Quality Assurance for AI Products

Revolutionizing QA Practices for AI
A Workshop for Everyone in the AI Product Lifecycle

Introductory Video

This workshop, hosted by a DLAI alumnus, helps bridge the communication gap between business stakeholders, software QA teams, and AI developers. We’ll cover QA strategies specific to AI, handling unexpected outputs, microservice architecture for better collaboration, and a hands-on project to solidify your understanding.

About Me:
I’m Ammar Mohanna, a DLAI alumnus with hands-on experience building an AI services company. During my time in the field, I saw first-hand the communication challenges that can arise within AI product development teams. That inspired me to create this workshop, drawing from my DLAI learnings and real-world experience.

What We’ll Learn:

  • Key distinctions between traditional software QA and AI product QA.
  • How to identify and address unexpected AI model outputs.
  • Improve cross-team communication for better collaboration.
  • Utilize microservice architecture for efficient versioning and testing.
  • Gain practical experience through framework explanations, real-world case studies, and a hands-on project.

Framework Introduction:
I’ll present a tailored framework emphasizing adaptive strategies for the unique challenges of AI development. Informed by my DLAI background and practical experience, this framework benefits all stakeholders involved in the AI product lifecycle.
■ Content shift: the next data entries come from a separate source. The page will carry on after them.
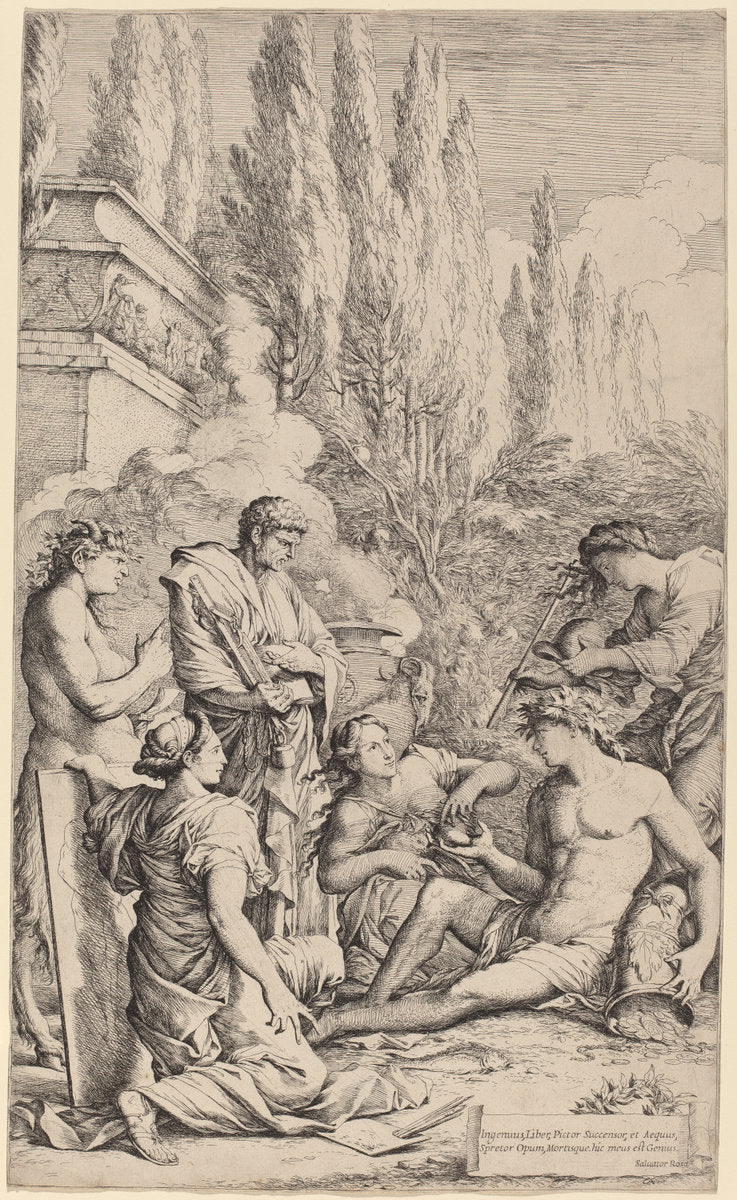 The Genius of Salvator Rosa by Salvator Rosa (Italian, 1615 - 1673), 16X12"(A3)Poster Print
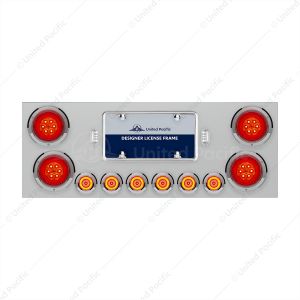 SS Rear Center Panel With Four 16 LED 4" Turbine Light & Six 7 LED 2" Lights & Bezels
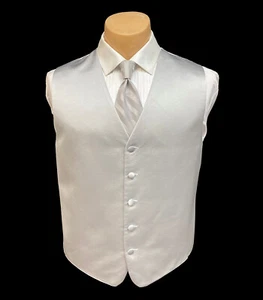 Men's Silver Brandon Michael Tuxedo Vest & Long Tie Free Shipping Medium M - Picture 1 of 5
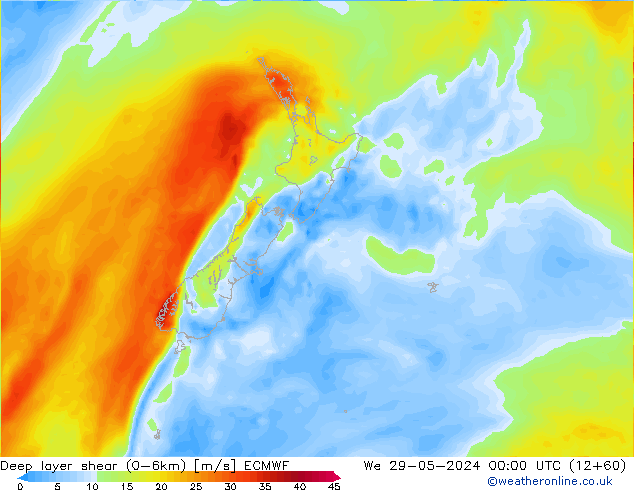 Deep layer shear (0-6km) ECMWF wo 29.05.2024 00 UTC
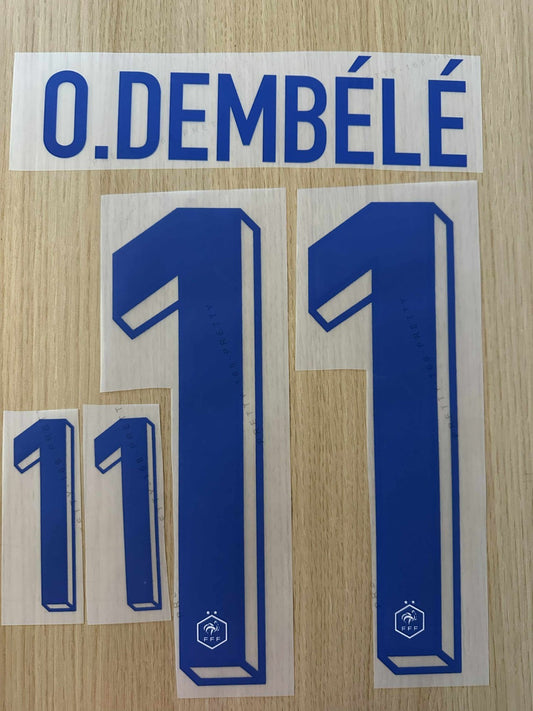 Dembele #11 France 2024 Away Player Size  Nameset Football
Framework Explanations/Examples:

  • Explore the complexities of unexpected AI outputs and retraining processes.
  • Understand Internal Endpoints (IEP) and External Endpoints (EEP) for streamlined collaboration.
  • Examine real-world scenarios demonstrating successful framework implementation.
  • Facilitated discussion: “Enhancing Collaboration in Your AI Product Lifecycle”

Hands-On Project: Face Detection

  • Step-by-step project to apply the learned QA strategies practically.
  • Sample dataset and basic face detection code provided.
  • Improve QA by identifying unexpected outputs, suggesting retraining strategies, and using IEP/EEP architecture – informed by my DLAI learnings.
  • Collaborative discussion on challenges and solutions.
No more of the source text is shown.